Zumindest Frau Ludwig ist nun gewappnet, dieser Fall geht vorerst gut aus. Die Berater kennen auch andere. Wie den der Flüchtlingsfamilie, die seit Monaten zu siebt in einer 2,5-Zimmer-Wohnung haust, weil sie keine größere findet, die das Jobcenter bezahlt. Keine Seltenheit, die vor allem die Jüngsten trifft: Insgesamt leben rund 30.000 Berliner Kinder in überbelegten Wohnungen.

Asbestverseuchtes Zuhause

Oder der Fall von dem Ehepaar aus Kreuzberg. Das jüngste Kind geht hier zur Schule, die pflegebedürftige Mutter lebt ein paar Straßen weiter. Seit die zwei großen Kinder ausgezogen sind, gilt die Wohnung beim Jobcenter als „unangemessen“. Wegen Asbestverseuchung müsste die Familie eigentlich ohnehin ausziehen.

Doch eine neue Wohnung dürfte 570 Euro kalt kosten. Wenn das bald erwachsene Kind ausgezogen ist, nur noch 480 Euro. Da ist der inzwischen geltende Aufschlag von 10 Prozent für Neuanmietung schon mit drin, den der Senat nach viel Kritik in die neuen Regelungen gepackt hat. „Aber der ist viel zu niedrig, passt überhaupt nicht zum Wohnungsmarkt“, kritisiert Steger.

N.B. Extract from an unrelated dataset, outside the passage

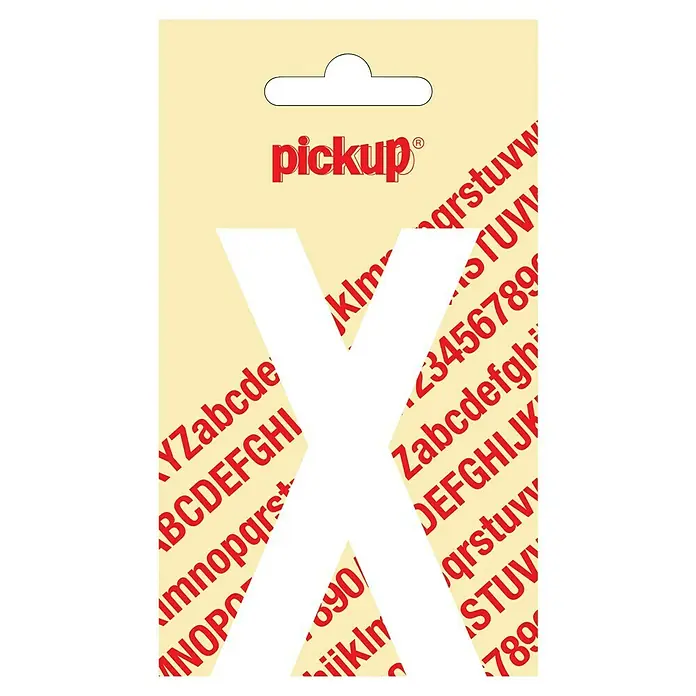 Pickup Aufkleber - Motiv: X, Weiß, Höhe: 90 mm - Aufkleberbogen mit dem Buchstaben X von Pickup, ideal zum Beschriften und Dekorieren von Gegenständen.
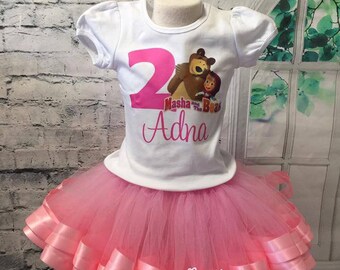 masha and the bear birthday, masha and the bear birthday outfit, masha and the bear shirt, masha and the bear tutu, masha and the bear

Tatsächlich ist für 480 Euro Kaltmiete keine einzige Kreuzberger Wohnung im Angebot des größten deutschen Immobilienportals. In ganz Berlin werden rund 70 2-Zimmer-Wohnungen zu dem Preis offeriert. Die Familie mit der asbestverseuchten Wohnung bleibt also. Und zahlt drauf.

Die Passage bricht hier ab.